Und vorwärts dringt in frommer Lust
sie durch der Trümmer Schutt und Wust
nur eine Kapelle ist übrig mehr,
dort ragt ihr spitzes Türmchen her,
und aus den Trümmern glänzt von fern
Die Glocke her, ein Rettungsstern!
Die Tür steht offen, sie tritt hinein;
nun laß das Werk vollendet sein.
Zieh an das Glöcklein, daß es klingt
und deiner Mutter Genesung bringt!
Was säumst du, Kind, was suchst du lang?
Greif zu, – Herr Gott, es fehlt der Strang!
Zu ihren Füßen liegt im Staub,
sein karger Rest, des Moders Raub.
Die Treppe stürzte ein im Brand,
die sonst empor zum Turm sich wand.
Kein Weg, kein Steg, der aufwärts führt,
kein Hebel, der die Glocke rührt!
Du armes Kind! Des Sturms Gebraus
pfeift durch die Mauern und höhnt dich aus.
Vergebens kamst du durch Wind und Schnee,
vergebens drangst du über den See,
vergebens streckst du die Arme dein
zur Glocke empor! – Es soll nicht ein.
Im Dorfe schlägt es Mitternacht,
der Himmel will's nicht, Sein ist die Macht!
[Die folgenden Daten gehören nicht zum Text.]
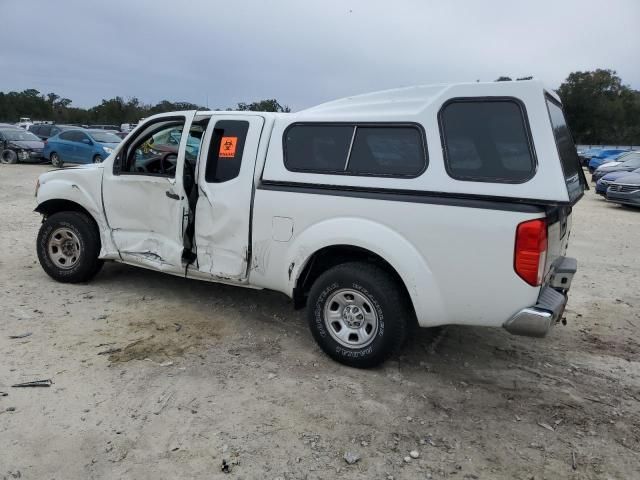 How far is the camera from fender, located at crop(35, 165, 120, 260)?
17.3 feet

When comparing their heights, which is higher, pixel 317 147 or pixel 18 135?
pixel 317 147

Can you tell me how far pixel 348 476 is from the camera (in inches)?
110

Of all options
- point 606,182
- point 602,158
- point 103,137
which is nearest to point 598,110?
point 602,158

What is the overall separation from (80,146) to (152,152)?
51.6ft

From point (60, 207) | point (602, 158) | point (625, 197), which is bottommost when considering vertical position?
point (625, 197)

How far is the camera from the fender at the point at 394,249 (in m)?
3.51

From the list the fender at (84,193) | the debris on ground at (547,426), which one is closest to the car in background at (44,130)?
the fender at (84,193)

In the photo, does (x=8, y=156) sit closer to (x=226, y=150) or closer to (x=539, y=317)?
(x=226, y=150)

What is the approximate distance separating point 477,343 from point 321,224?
188 cm

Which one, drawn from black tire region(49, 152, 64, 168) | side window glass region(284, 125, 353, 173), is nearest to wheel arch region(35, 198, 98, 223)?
side window glass region(284, 125, 353, 173)

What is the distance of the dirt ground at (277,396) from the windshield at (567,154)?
4.83 ft

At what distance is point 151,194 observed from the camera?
4.93m

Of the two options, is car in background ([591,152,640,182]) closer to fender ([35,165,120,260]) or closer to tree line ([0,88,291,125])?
fender ([35,165,120,260])

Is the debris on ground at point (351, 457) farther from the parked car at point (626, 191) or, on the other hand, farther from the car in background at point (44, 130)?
the car in background at point (44, 130)
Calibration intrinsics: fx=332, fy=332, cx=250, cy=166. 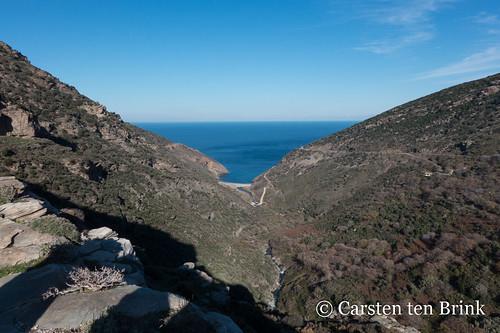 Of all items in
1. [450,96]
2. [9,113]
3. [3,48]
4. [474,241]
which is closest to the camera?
[474,241]

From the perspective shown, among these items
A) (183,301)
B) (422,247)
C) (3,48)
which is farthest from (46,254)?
(3,48)

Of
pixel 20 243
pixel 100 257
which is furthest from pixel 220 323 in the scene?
pixel 20 243

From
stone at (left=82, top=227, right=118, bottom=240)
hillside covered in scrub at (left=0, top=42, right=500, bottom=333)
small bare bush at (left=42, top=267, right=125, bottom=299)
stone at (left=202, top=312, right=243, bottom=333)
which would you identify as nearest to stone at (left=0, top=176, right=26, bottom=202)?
hillside covered in scrub at (left=0, top=42, right=500, bottom=333)

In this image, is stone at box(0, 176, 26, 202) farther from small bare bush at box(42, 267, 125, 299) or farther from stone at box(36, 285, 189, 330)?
stone at box(36, 285, 189, 330)

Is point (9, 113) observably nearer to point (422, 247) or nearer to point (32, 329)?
point (32, 329)

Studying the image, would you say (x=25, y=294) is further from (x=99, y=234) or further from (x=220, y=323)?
(x=99, y=234)

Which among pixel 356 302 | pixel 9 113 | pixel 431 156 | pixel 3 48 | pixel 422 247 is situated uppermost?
pixel 3 48

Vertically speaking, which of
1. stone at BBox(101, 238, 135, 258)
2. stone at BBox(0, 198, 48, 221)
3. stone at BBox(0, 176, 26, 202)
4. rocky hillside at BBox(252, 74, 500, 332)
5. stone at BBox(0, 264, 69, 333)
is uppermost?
stone at BBox(0, 176, 26, 202)

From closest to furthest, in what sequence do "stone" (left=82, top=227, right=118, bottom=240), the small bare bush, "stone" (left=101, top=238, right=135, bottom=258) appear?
the small bare bush, "stone" (left=101, top=238, right=135, bottom=258), "stone" (left=82, top=227, right=118, bottom=240) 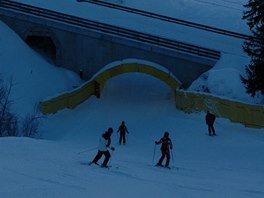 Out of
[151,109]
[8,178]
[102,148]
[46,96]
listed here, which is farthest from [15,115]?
[8,178]

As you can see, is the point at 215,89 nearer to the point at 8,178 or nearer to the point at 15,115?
the point at 15,115

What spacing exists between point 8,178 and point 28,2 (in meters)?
31.0

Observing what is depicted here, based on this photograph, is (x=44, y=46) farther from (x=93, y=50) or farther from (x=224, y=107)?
(x=224, y=107)

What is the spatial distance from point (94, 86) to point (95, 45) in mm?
3174

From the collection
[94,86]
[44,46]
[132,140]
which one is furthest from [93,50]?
[132,140]

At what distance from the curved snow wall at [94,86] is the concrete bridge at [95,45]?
2.00 feet

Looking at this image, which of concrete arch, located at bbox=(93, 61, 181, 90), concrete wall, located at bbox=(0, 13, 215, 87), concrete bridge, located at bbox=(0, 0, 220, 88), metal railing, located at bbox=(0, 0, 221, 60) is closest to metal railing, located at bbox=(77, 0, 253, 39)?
metal railing, located at bbox=(0, 0, 221, 60)

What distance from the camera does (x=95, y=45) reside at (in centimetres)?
3694

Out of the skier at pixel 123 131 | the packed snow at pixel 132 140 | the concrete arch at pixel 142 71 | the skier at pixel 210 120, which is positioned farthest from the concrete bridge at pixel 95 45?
the skier at pixel 123 131

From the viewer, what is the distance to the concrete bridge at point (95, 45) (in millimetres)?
34562

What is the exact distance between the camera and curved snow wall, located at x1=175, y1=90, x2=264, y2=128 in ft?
89.9

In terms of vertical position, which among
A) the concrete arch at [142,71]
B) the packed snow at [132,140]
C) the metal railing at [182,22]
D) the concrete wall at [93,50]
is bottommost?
the packed snow at [132,140]

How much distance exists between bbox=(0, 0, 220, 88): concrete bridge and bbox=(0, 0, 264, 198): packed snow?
1.15 metres

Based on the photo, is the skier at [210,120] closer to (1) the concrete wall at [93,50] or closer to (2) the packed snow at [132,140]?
(2) the packed snow at [132,140] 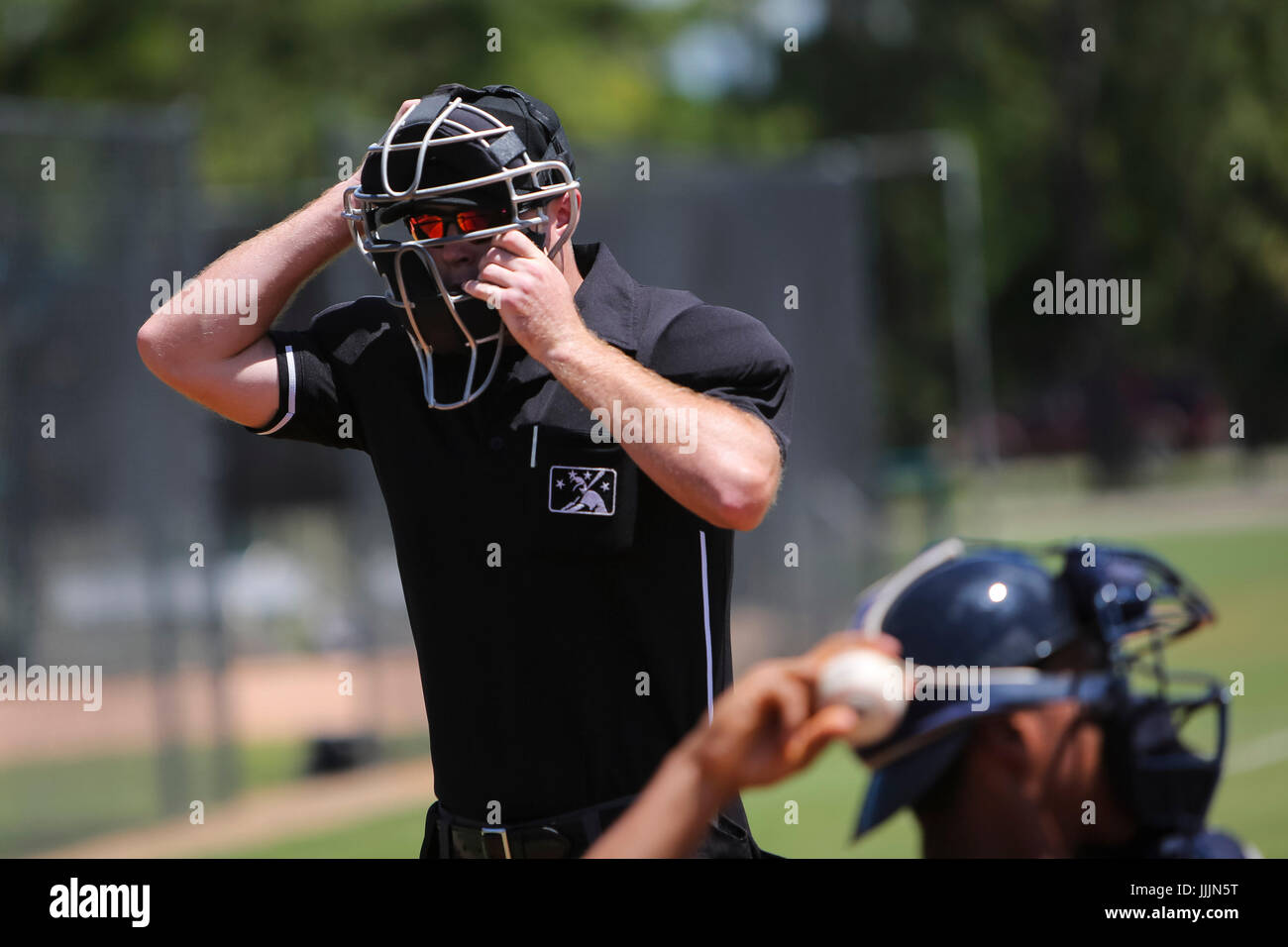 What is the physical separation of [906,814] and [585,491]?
6154mm

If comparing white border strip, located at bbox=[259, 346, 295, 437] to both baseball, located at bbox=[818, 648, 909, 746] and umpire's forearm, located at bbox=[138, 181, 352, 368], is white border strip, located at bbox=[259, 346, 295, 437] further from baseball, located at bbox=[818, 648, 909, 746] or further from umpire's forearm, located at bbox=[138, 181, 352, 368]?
baseball, located at bbox=[818, 648, 909, 746]

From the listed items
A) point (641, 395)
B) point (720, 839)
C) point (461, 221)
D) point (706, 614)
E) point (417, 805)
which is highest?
point (461, 221)

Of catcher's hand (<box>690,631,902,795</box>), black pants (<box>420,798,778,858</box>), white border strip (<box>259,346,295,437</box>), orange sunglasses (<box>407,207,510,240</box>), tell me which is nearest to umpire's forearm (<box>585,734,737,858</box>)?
catcher's hand (<box>690,631,902,795</box>)

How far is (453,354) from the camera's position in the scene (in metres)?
3.31

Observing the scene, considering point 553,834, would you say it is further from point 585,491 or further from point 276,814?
point 276,814

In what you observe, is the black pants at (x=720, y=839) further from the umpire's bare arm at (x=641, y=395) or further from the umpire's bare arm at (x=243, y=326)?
the umpire's bare arm at (x=243, y=326)

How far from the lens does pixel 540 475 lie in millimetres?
3111

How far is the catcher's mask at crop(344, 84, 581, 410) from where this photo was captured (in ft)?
10.2

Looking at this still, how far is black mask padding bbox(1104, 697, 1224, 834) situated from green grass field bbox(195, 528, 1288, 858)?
6.02 feet

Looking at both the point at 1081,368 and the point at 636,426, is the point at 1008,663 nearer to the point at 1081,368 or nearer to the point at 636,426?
the point at 636,426

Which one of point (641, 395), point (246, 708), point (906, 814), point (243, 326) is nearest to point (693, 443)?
point (641, 395)

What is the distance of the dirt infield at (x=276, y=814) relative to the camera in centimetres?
937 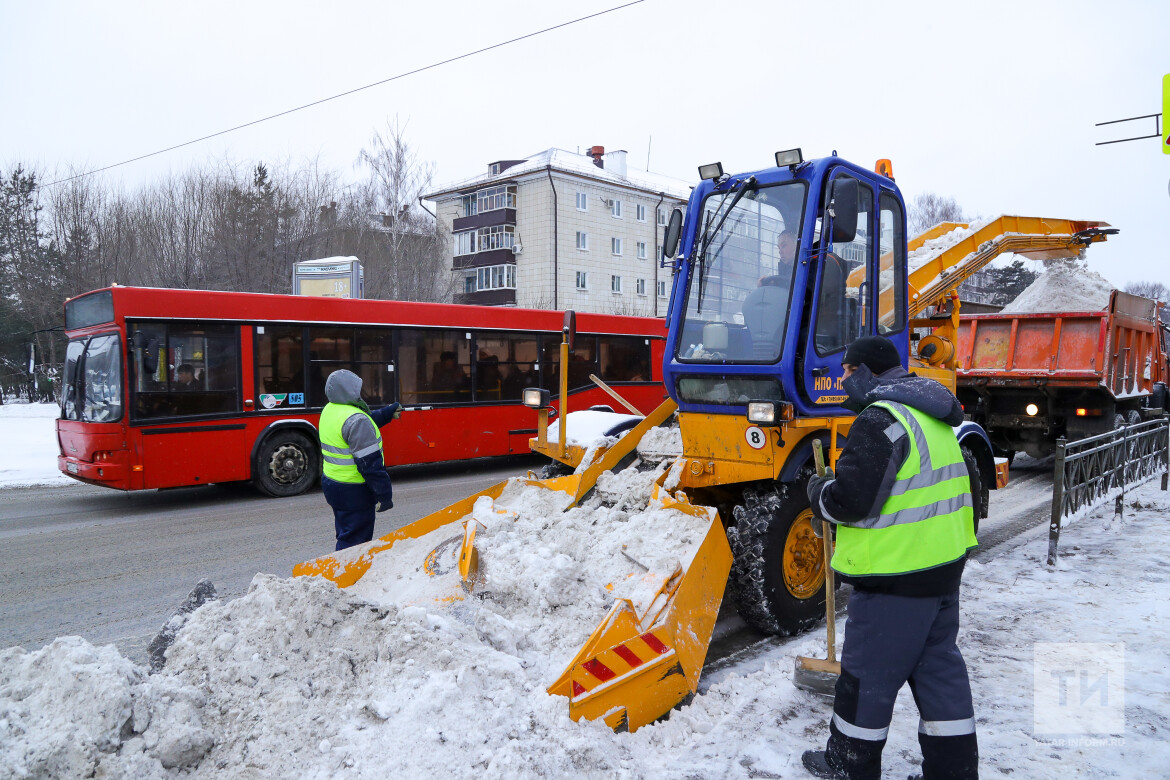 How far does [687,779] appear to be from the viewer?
2990mm

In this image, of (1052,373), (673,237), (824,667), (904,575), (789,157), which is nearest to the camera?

Starr stand das Kind, doch wie's vernahm
den Stundenschlag, es zu sich kam
und wirft sich nieder auf den Stein
und faltet fromm die Hände klein
und betet: »Liebes Christkind, du,
hör' gnädig der armen Mary zu,
die Mutter sagt, so ist's auch wahr,
du kommst zu uns Kindern Jahr für Jahr,
du gingst vorbei an der schlimmen Haus
den frommen teiltest du Gaben aus;
so bitt ich dich, vergiß nicht mein
Christkind in deinem Strahlenschein,
und weil dies Jahr ich nichts bekommen,
und war doch eines von den frommen,
so bitt ich dich, gewähre mir
nur ein paar Schläge der Glocke hier,
daß mir die Mutter am Leben bleib,
und neu sich stärk' ihr siecher Leib.
Gewähr der armen Mary dies,
ich heiß ja, wie deine Mutter hieß.«
Und spricht's und heiß vom Antlitz rinnt
ein Tränenstrom dem armen Kind;
und eh' im Dorf noch der zwölfte Schlag
verkündet einen neuen Tag
da plötzlich regt sich's,
da, horch, bewegt sich's,
da schwingt sich im Kreise,
da schallet es leise,
ein Schlag und noch einer und noch mehr,
da läutet die Glocke von Innisfare!
Das tat der Sturm nicht, des rohe Macht
dahin tobt brausend durch die Nacht,
das ist der Herr, der Gewährung schickt
dem Kind, das gläubig aufwärts blickt;
und wie hinaus über Berg und Wald
mit mächt'gem Ruf die Glocke schallt.
Da mischt sich dem Kind wie Engelsgesang
der Mutter Stimme in ihren Klang.
»Gerettet!« weht's ihm von ferne her
ins Geläute der Glocke von Innisfare.